I then combine the four layers in Photoshop. The shadows are turned to 100% black and then if I want them lighter I simply turn down the opacity.
Maersk Line Orbital freighter in Neptune orbit. Powered by eight VASIMR plasma driven engines (variable specific impulse magnetoplasma rocket), the freighter moves bulk cargo from low orbit to high orbit where it’s transferred to larger interplanetary freighters.
The VASIMR engine is highly efficient compared to a traditional chemical engine able to move 34 metric tons of cargo to a higher orbit for only 8 tons of expended fuel. However the trade off is that it’s incredibly slow taking months to achieve this rather than days.
Therefore crews in the haulage business will typically sign up for a 12 month round trip tour. Although this type of work does not pay very well compared to the 10+ year interstellar tours, the trade off is that you always get a good view and are no more than eight hours from a conversation with home.
Space X Mars shuttle braking into Mars orbit. Powered by a Linear Fusion Gasdynamic Mirror Engine it’s able to complete a 170 day round trip between Earth and Mars on a standard Brachistochrone trajectory (accelerating to 50% distance then flipping around and decelerating for the remaining 50%).
This specific ship has been contracted by the Chinese government to transport workers for the Mars Elevator construction programme. It will be met in Mars orbit by a fleet of small shuttles to re-supply and perform basic maintenance before the trip back to Earth.
This would be an example of an architectural subject I did with the same technique Mike (ie: no rendering just using native sketchup export options).
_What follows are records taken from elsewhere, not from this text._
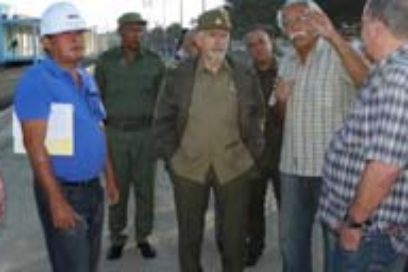 Evalúa Ramiro Valdés acciones para enfrentar la sequía en Santiago de Cuba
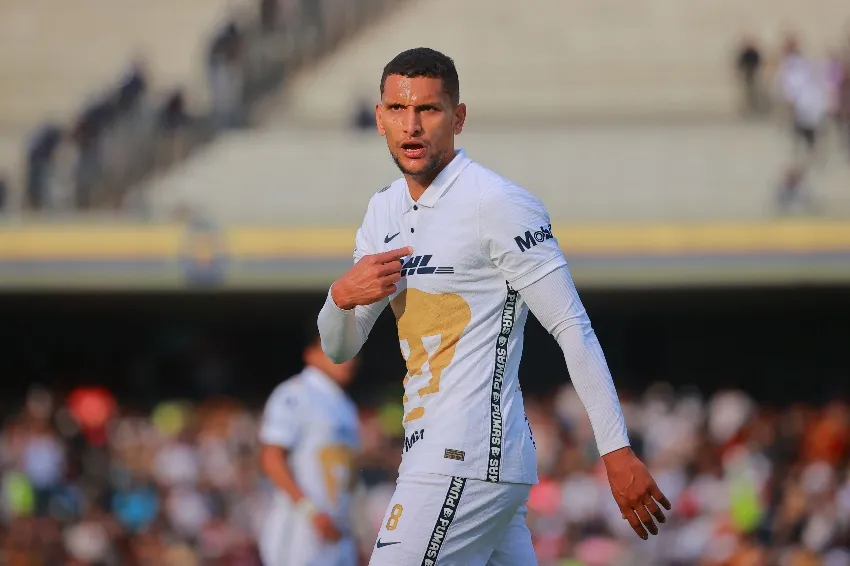 IMAGO7 Meritao en un partido de Pumas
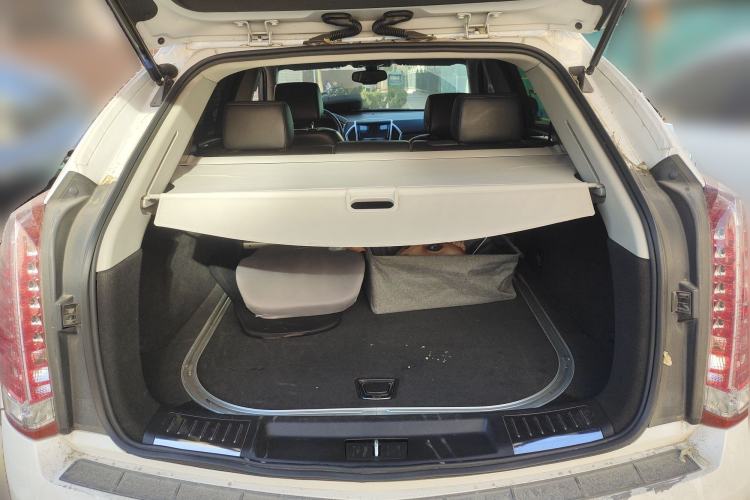 Used Cadillac SRX 2014 3.0L Luxury Model Trunk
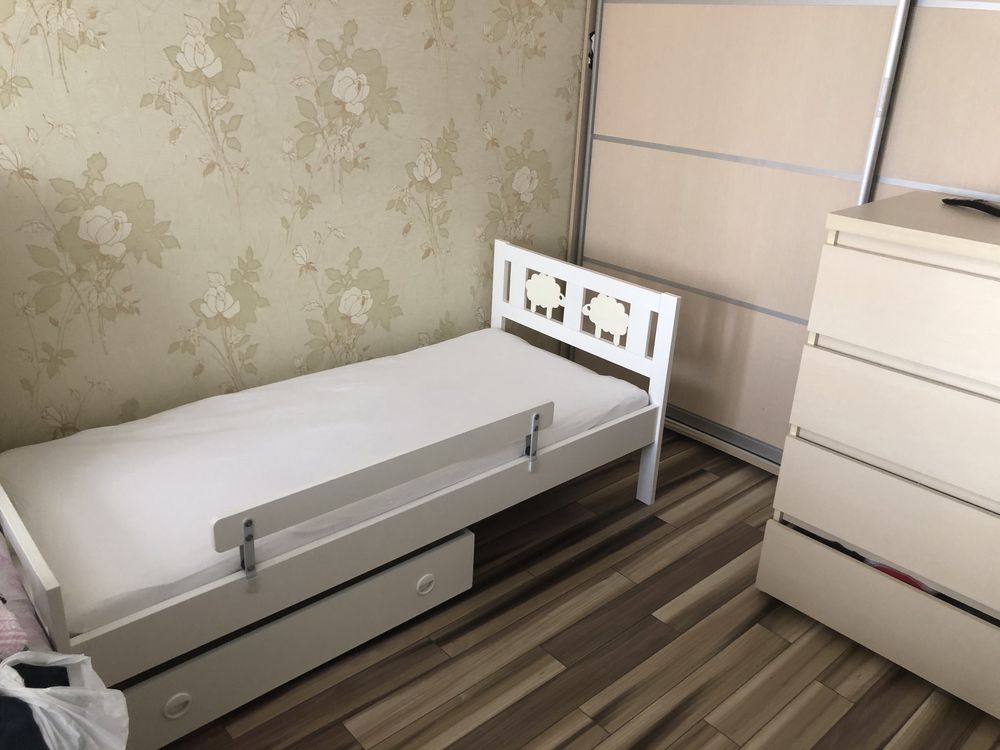 Кровать IKEA, 160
Not included in the above tutorial but any materials like glass, metal and reflections are handled using gradients in photoshop and then altering the blending modes, usually ‘overlay’ or ‘lighten’.
Oh yes you can do it much quicker with blending options and nobody can really tell. Depends on the lighting you want and colours used but multiply is usually a good option. I just eyeball the decals, if I was doing something for a client and it has to be pixel perfect then I may draw some type of grid.
Here, I have shared one of the images above as a PSD file as well as all of my source files. I used a clay render as a shadow map in this instance. Because I was going for realism I needed soft shadows at exactly 90 degrees to the radiators and Sketchup was not behaving nice so I did it in Thea instead.
BTW, did you make the shipping container, or find it somewhere? I ended up making a shipping container once from 2D drawings I found because what I found in 3D Warehouse was either too simple (box with a photo texture) or too much information (eased edges on every edge and corner - a gazillion polygon count).